He was the starting goaltender for North London club Arsenal, winning the League title in 1948 and 1953 and the FA Cup in 1950. He later managed the club from 1958 to 1962, but not well. He also managed Peterborough United, Norwich City, Kettering Town, Cardiff City and Corby Town.
October 26, 2008: In a 10-2 rout of the Rays in Game 4 of the World Series, right-hander Joe Blanton hits a home run, the first pitcher to do so in a Series game in 34 years. Ken Holtzman of the A's was the last hurler to accomplish the feat when he went deep off Andy Messersmith of the Dodgers in 1974.
October 26, 2010: Paul the Octopus dies, just 3 months after his predictions -- based on national flags dropped into his tank -- for the World Cup in South Africa made him the most famous cephalopod who ever lived.
Living at the Sea Life Centre in Oberhausen, Ruhr, Germany (but hatched in Weymouth, Dorset, England), he correctly chose the winning team in several matches in Euro 2008, and in all 7 of Germany's matches in the 2010 World Cup. He also correctly predicted Spain's win over the Netherlands in the Final.

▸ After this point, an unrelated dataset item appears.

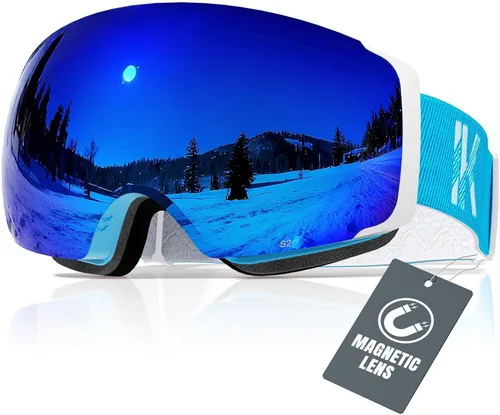 Vista 15 de Innerking Gafas de esquí intercambiables, gafas de nieve con lente magnética, gafas de snowboard antivaho OTG para mujeres, hombres, adultos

Overall, his record was 12-2. He was 2 1/2 years old, which is actually a rather normal lifespan for an octopus; nevertheless, he was observed the day before, and appeared to be in good health.
October 26, 2013: Game 3 of the World Series is played at Busch Stadium in St. Louis, and it has the weirdest ending of any Series game ever.
In the bottom of the 9th inning, with the score tied 4-4, Red Sox pitcher Brandon Workman gives up a 1-out single to Yadier Molina. Boston closer Koji Uehara was brought in to face pinch-hitter Allen Craig, who doubles on the 1st pitch. Jon Jay hits a grounder to 2nd baseman Dustin Pedroia. He makes a sensational diving stab, and throws home to catcher Jarrod Saltalamacchia, who tags out the sliding Molina for the 2nd out.
But then Saltalamacchia throws to 3rd, trying to get Craig, who was running on the play and decided to slide towards Will Middlebrooks knocking him down. However, the ball glanced off Middlebrooks' glove and Craig's body, caroming into foul territory down the line. When Craig starts toward home, he runs over Middlebrooks, who winds up slowing Craig down as he tries to take off for home.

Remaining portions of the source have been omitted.